- [YOUR OBJECTIVE]
Copy out the full listing exactly, omitting any picture it contains.

- [PROVIDED MATERIAL]
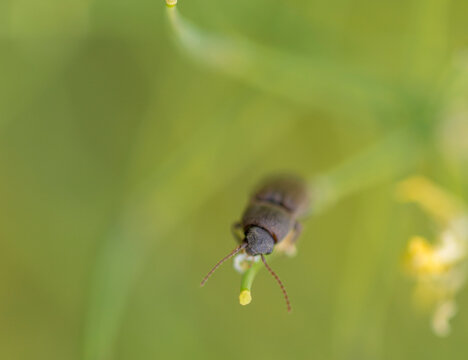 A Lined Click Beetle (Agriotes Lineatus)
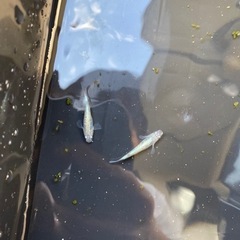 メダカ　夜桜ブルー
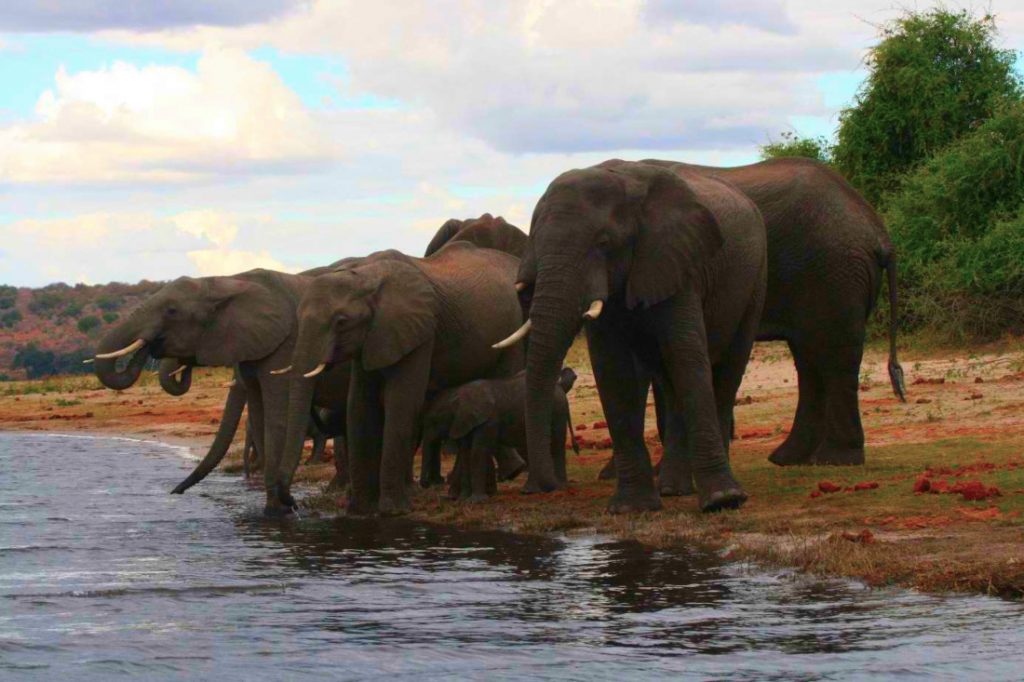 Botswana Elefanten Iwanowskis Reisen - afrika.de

- [RESPONSE AREA]
 A Lined Click Beetle (Agriotes Lineatus)
 メダカ　夜桜ブルー
 Botswana Elefanten Iwanowskis Reisen - afrika.de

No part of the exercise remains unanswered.